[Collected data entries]
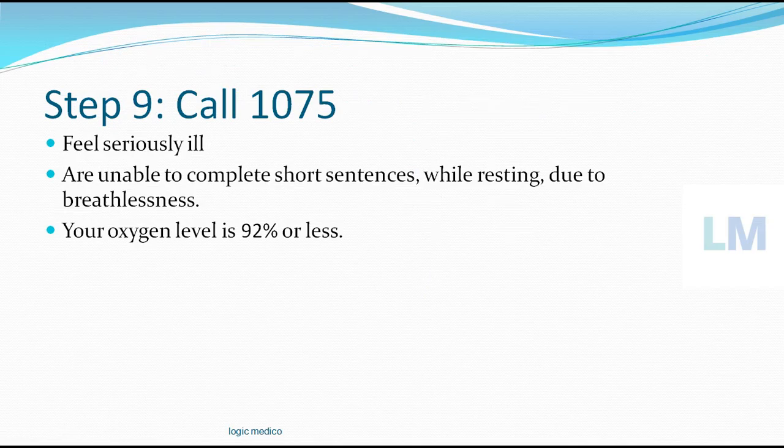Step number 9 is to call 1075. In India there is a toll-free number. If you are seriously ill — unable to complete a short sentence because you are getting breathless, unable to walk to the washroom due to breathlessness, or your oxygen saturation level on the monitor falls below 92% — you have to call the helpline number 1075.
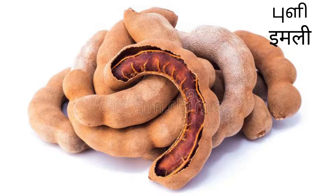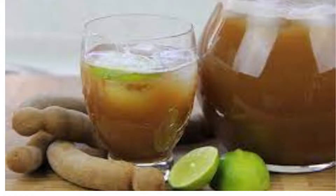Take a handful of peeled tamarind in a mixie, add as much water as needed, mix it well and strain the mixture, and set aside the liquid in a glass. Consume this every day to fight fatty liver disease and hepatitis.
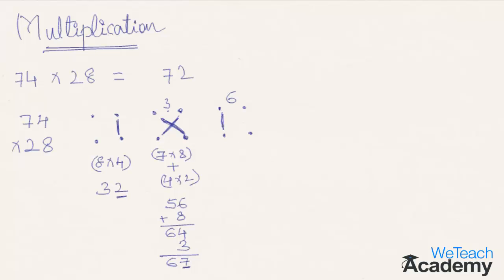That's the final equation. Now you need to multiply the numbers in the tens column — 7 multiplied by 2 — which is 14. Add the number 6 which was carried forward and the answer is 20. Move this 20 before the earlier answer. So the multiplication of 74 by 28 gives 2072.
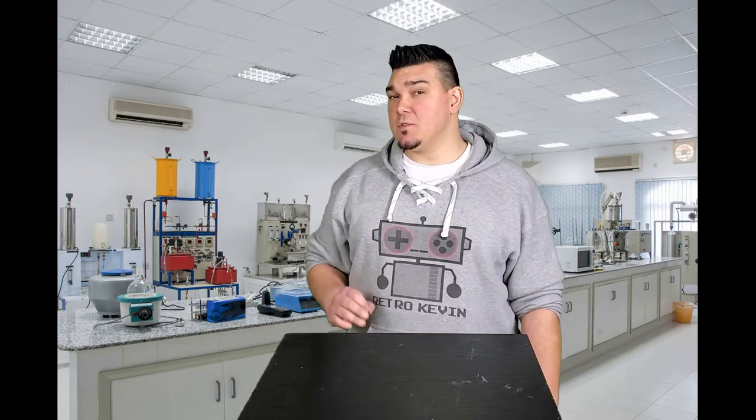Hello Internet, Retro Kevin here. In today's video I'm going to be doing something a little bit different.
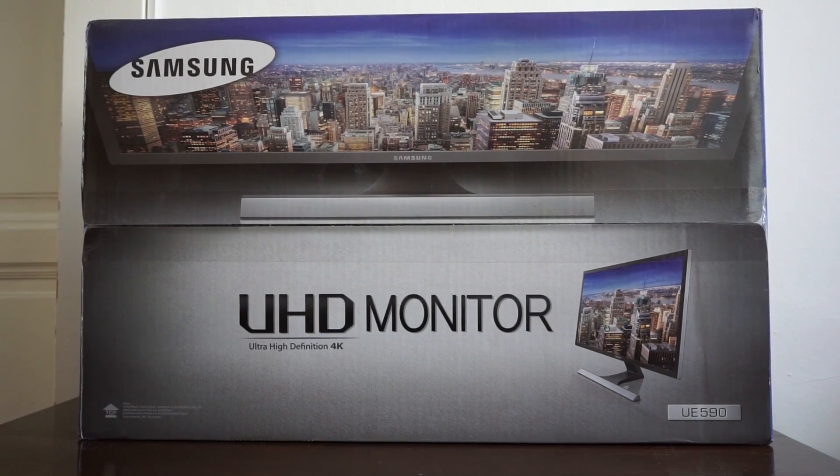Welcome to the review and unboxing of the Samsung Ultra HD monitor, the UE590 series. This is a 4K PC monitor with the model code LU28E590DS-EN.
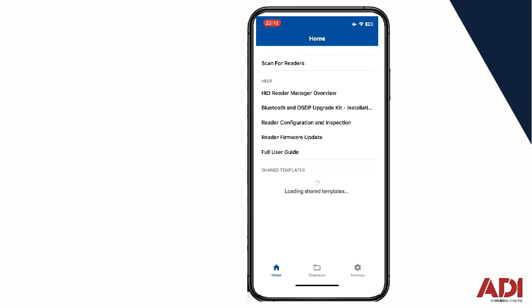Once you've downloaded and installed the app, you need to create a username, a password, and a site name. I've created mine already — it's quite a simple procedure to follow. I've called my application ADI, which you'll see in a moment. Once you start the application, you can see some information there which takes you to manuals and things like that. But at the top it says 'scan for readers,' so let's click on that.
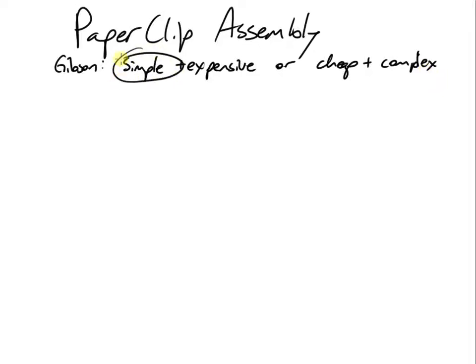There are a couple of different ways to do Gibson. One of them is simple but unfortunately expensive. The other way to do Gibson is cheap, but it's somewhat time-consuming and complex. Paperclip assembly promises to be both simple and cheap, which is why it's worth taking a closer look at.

#### [TASK DETAILS]
From the data above, return only the lines starting at the line that holds "That's the final" and ending at the line that holds "Hello Internet, Retro", word for word and without pictures.

#### [OUTPUT FOR THIS TASK]
That's the final equation. Now you need to multiply the numbers in the tens column — 7 multiplied by 2 — which is 14. Add the number 6 which was carried forward and the answer is 20. Move this 20 before the earlier answer. So the multiplication of 74 by 28 gives 2072.
Hello Internet, Retro Kevin here. In today's video I'm going to be doing something a little bit different.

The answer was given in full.